## Try to write a decomposition for upsampling bilinear AA=True

In [1]:
import torch

In [2]:
n, c, in_h, in_w = 5, 3, 234, 345
out_h, out_w = 123, 234

align_corners = False

input_tensor = torch.arange(n * c * in_h * in_w, dtype=torch.float32).reshape(n, c, in_h, in_w)

In [3]:
# UpSample.h
# template <typename scalar_t>
# static inline scalar_t area_pixel_compute_scale(
#     int64_t input_size,
#     int64_t output_size,
#     bool align_corners,
#     const c10::optional<double> scale) {
#   // see Note [area_pixel_compute_scale]
#   if(align_corners) {
#     if(output_size > 1) {
#       return static_cast<scalar_t>(input_size - 1) / (output_size - 1);
#     } else {
#       return static_cast<scalar_t>(0);
#     }
#   } else {
#     return compute_scales_value<scalar_t>(scale, input_size, output_size);
#   }
# }
#
# Same as compute_scale in decompositions.py::upsample_bicubic2d_default
#
def _area_pixel_compute_scale(in_size, out_size, align_corners, scale=None):
    if align_corners:
        return (in_size - 1) / (out_size - 1) if out_size > 1 else 0
    else:
        return 1 / scale if scale is not None and scale > 0 else in_size / out_size        

In [4]:
def aa_linear_filter(x):
    x = torch.abs(x)
    return 1.0 - torch.clamp(x, max=1.0)


def _compute_indices_weights_aa(out_size, in_size, scale, interp_size, device):
    scale = _area_pixel_compute_scale(in_size, out_size, align_corners, scale=scale)
        
    support = torch.tensor((interp_size * 0.5) * scale if scale >= 1.0 else interp_size * 0.5, device=device)
    max_interp_size = torch.ceil(support).to(torch.long) * 2 + 1

    i = torch.arange(out_size, dtype=torch.long, device=device)
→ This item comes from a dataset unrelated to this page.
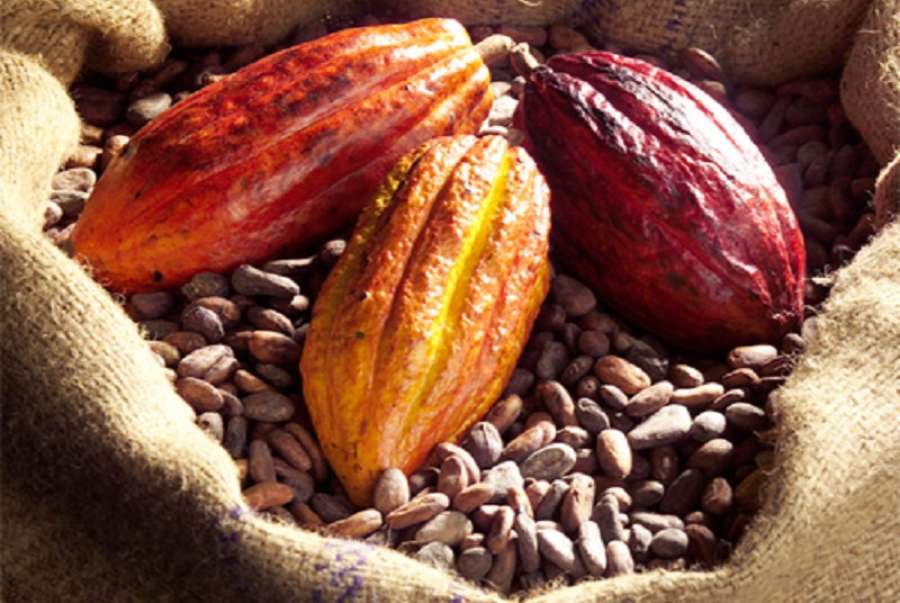 Cacao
    center = scale * (i + 0.5)
    invscale = 1.0 / scale if scale >= 1.0 else 1.0

    # compute source indices as [xmin, xmin+1, ..., xmin+xsize-1]
    xmin = torch.clamp((center - support + 0.5).to(torch.long), min=0)
    xsize = torch.clamp((center + support + 0.5).to(torch.long), max=in_size) - xmin
    xsize = torch.clamp(xsize, 0, max_interp_size)
    
    # compute weights
    j = torch.arange(max_interp_size, dtype=torch.long, device=device).view(-1, 1)
    # TODO: use a generic function aa_filter defined for bilinear and bicubic
    weights = aa_linear_filter((j + xmin - center + 0.5) * invscale)
    weights = torch.where(j < xsize, weights, 0.0)
    total_weights = weights.sum(dim=0)
    weights = weights / total_weights

    return xmin, xsize, weights

In [5]:
from functools import partial, reduce
from typing import Callable, cast, Iterable, List, Optional, Tuple, Union
from torch import sym_float, sym_int, Tensor


def _sum_tensors(ts: Iterable[Tensor]) -> Tensor:
    return reduce(torch.add, ts)


In [9]:
def _separable_upsample_bilinear2d_aa_single_dim(in_tensor, out_size, interp_dim, align_corners, scale=None):
    # Assume that in_tensor dtype is float32
    
    assert interp_dim % 4 in (2, 3)
    
    n, c, in_h, in_w = in_tensor.shape
    interp_size = 2  # bilinear
    in_size = in_tensor.shape[interp_dim]
        
    n_idx = torch.arange(n, device=in_tensor.device).view(n, 1, 1, 1)
    c_idx = torch.arange(c, device=in_tensor.device).view(1, c, 1, 1)
    
    if interp_dim % 4 == 3:
        # horizontal pass
        xmin, xsize, weights = _compute_indices_weights_aa(out_size, in_size, scale, interp_size, device=in_tensor.device)
        in_y = torch.arange(in_h, device=in_tensor.device).view((1, 1, in_h, 1))
        xmin_idx = xmin.view(1, 1, 1, out_size)
        
        max_interp_size = len(weights)
        in_tensor_list = [in_tensor[n_idx, c_idx, in_y, torch.clamp(xmin_idx + k, max=in_w - 1)] for k in range(max_interp_size)]
        w_tensor_list = weights.unbind(dim=0)
        return _sum_tensors(in_t * w_t for in_t, w_t in zip(in_tensor_list, w_tensor_list))        
    else:
        # vertical pass
        ymin, ysize, weights = _compute_indices_weights_aa(out_size, in_size, scale, interp_size, device=in_tensor.device)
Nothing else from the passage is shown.